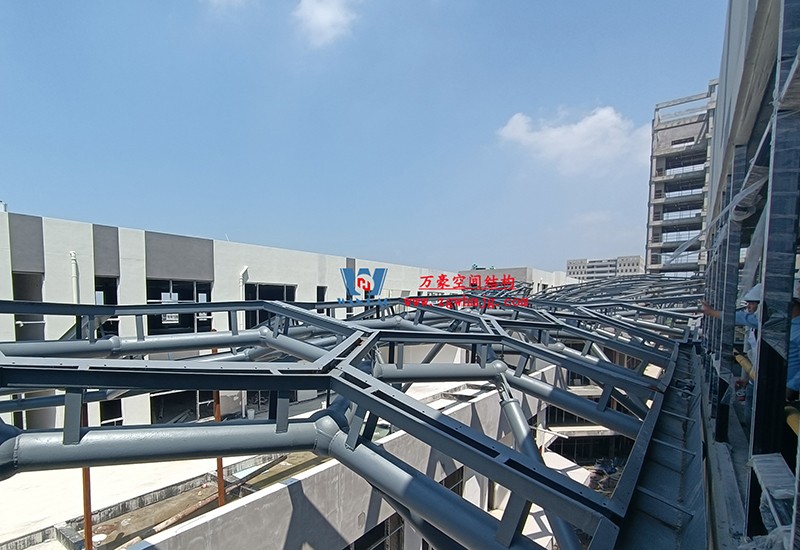 嘉興長(zhǎng)安里ETFE氣枕鋼膜結(jié)構(gòu)頂棚工程現(xiàn)場(chǎng)學(xué)習(xí)觀摩會(huì) 嘉興長(zhǎng)安里ETFE氣枕鋼膜結(jié)構(gòu)頂棚工程現(xiàn)場(chǎng)學(xué)習(xí)觀摩會(huì)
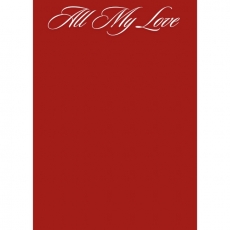 80GSM RED KRAFT ALL MY LOVE WHITE�W/R 50X70 PK/50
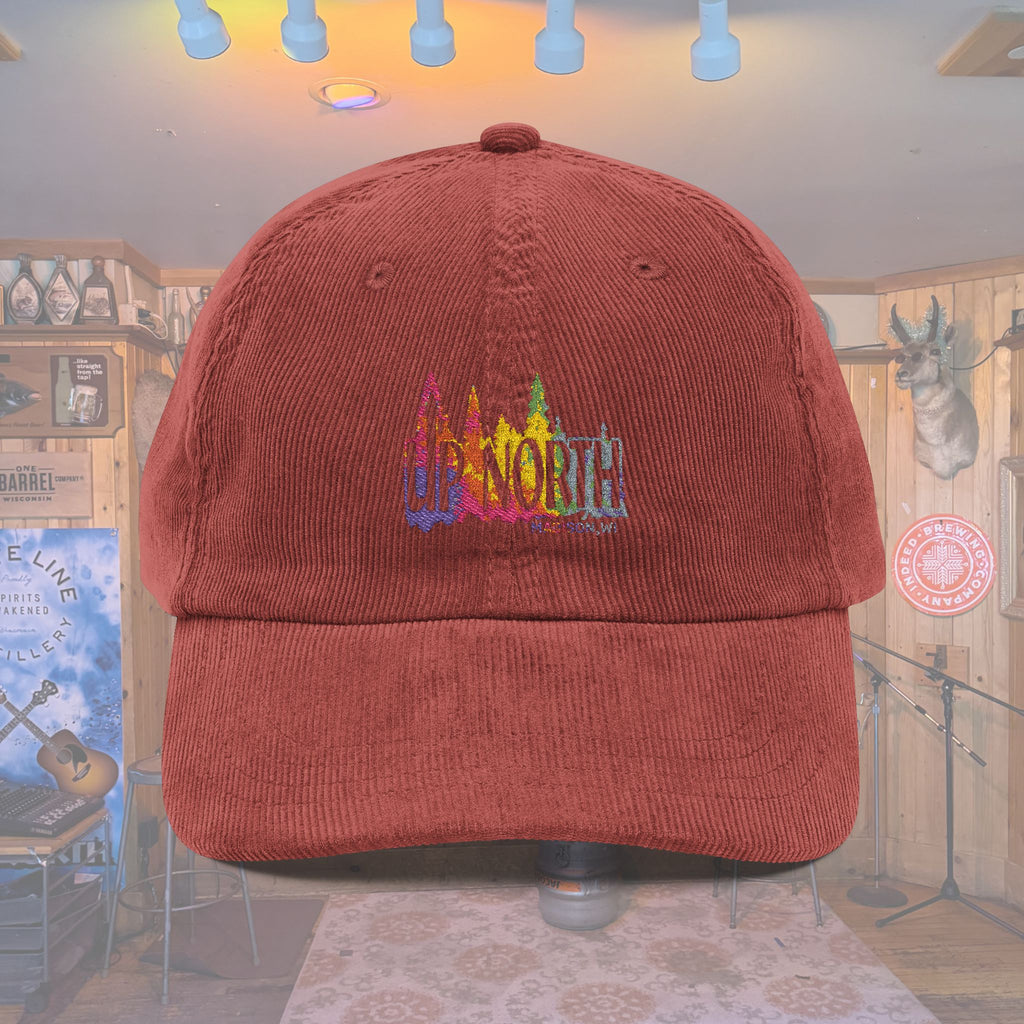 Corduroy Cap Embroidered Logo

(WHAT THIS TASK INVOLVES)
The line containing "80GSM RED KRAFT" and every line after it, through the end of the data, are to be output exactly. Omit the pictures.

(ANSWER TO THIS EXERCISE)
 80GSM RED KRAFT ALL MY LOVE WHITE�W/R 50X70 PK/50
 Corduroy Cap Embroidered Logo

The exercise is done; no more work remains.